Peter Doherty: Jetzt gerade in diesem Moment? Es ist ein bisschen stickig. Wir kommen gerade aus Barcelona und davor waren wir auch unterwegs. Immer nur kurze Besuche und dann in Hotels abgestiegen. Und am nächsten Morgen wachst du im Flieger auf. Wir sind jetzt gerade vom Flughafen gekommen. Aber, ok, das ist jetzt einfach mein persönliches Ding. Weißt du, wenn du nicht duschen kannst und schwitzend im Flieger gesessen hast, das ist blöd. Aber insgesamt geht's mir eigentlich gut. Ich fühle mich wohl. Ich bin fast ein bisschen sentimental.

Es ist wirklich komisch, nach Berlin zu kommen, weil ich von europäischer Geschichte besessen bin. Ich lese gerade alles Mögliche, was ich über das 20. Jahrhundert in die Hände kriege. Wir hatten 'ne Menge Staus auf dem Weg hierher. Und dann sind wir am Reichstag vorbeigefahren, wo gerade einige Ukrainer protestiert haben, weil sie nicht wollen, dass noch irgendwelche Geschäfte mit Putin gemacht werden. Und dann war da das Schloss ...

... naja und außerdem mache ich mir gerade wahnsinnig viele Gedanken über Wasser.

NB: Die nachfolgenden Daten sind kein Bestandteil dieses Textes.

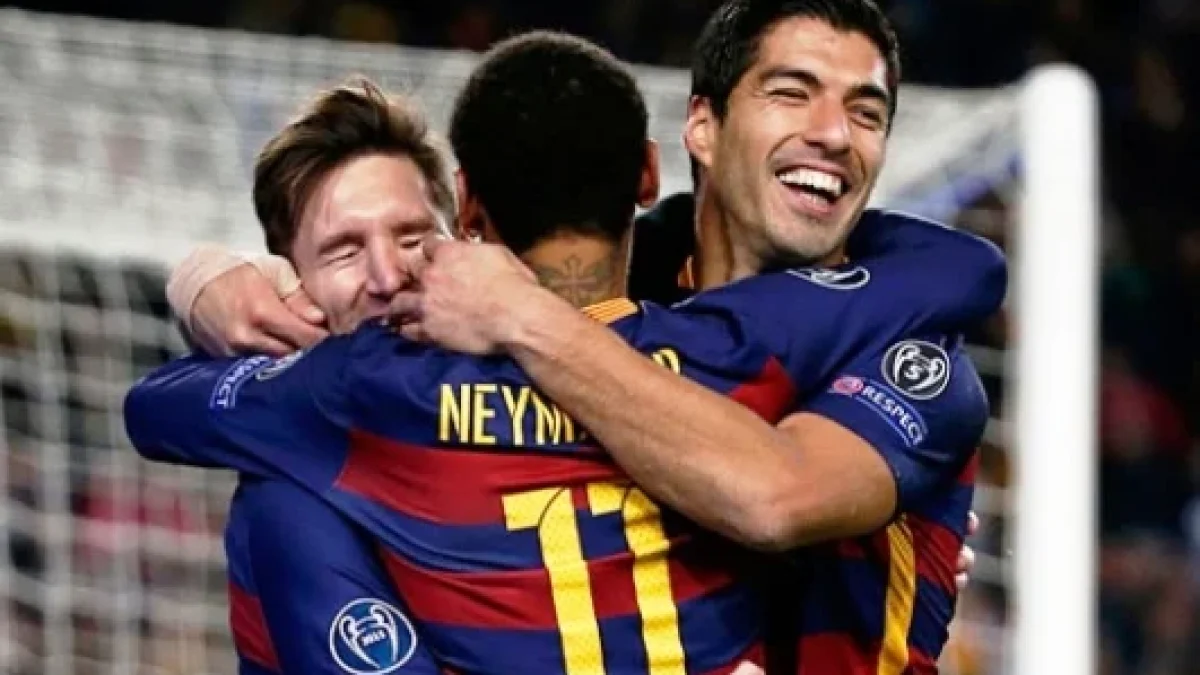 Hasil Barcelona Vs Atletico Madrid Tadi malam (FT) 1-1: Liga Spanyol 22 September 2016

Ich finde es wahnsinnig interessant, dass der Rhein so austrocknet und die ganzen Frachtschiffe nicht mehr über den Fluss fahren können. Faszinierend. Ich habe nämlich herausgefunden, dass das vor ein paar hundert Jahren schon einmal passiert ist. Und jetzt, nach all dieser Zeit, ist es wieder so. Der Fluss gibt Steine mit uralten Inschriften frei. Damals haben sie geglaubt, der Teufel hätte das Wasser gestohlen.

Vielleicht hat er es ja jetzt wieder geklaut.

Ja, vielleicht.

Sie haben jetzt erstmals eine größere Retrospektive Ihrer Werke. Was bedeutet es Ihnen, dass die ausgerechnet in Berlin stattfindet?

Ich habe ehrlich gesagt gar nicht gewusst, dass ich heute so viele Interviews geben muss. Das haben die mir erst am Flughafen erzählt. Ich mache das natürlich gerne. Für mich ist das tatsächlich eine sehr persönliche Angelegenheit. Das ist meine Kunst. Viele der Arbeiten habe ich seit Jahren nicht gesehen. Ich dachte, sie wären längst verloren gegangen.

Als die Ausstellung fertig aufgebaut war, sollte ich sie mir angucken. Aber ich habe kein Handy, ich gehe im Moment nicht einmal online. Also konnte ich sie aus der Ferne nicht angucken. Es ist also emotional ziemlich bewegend, jetzt hier zu sein. Ich würde gern mehr Zeit mit den Bildern verbringen und sie einfach nur ansehen, weil sie ein Teil von mir sind.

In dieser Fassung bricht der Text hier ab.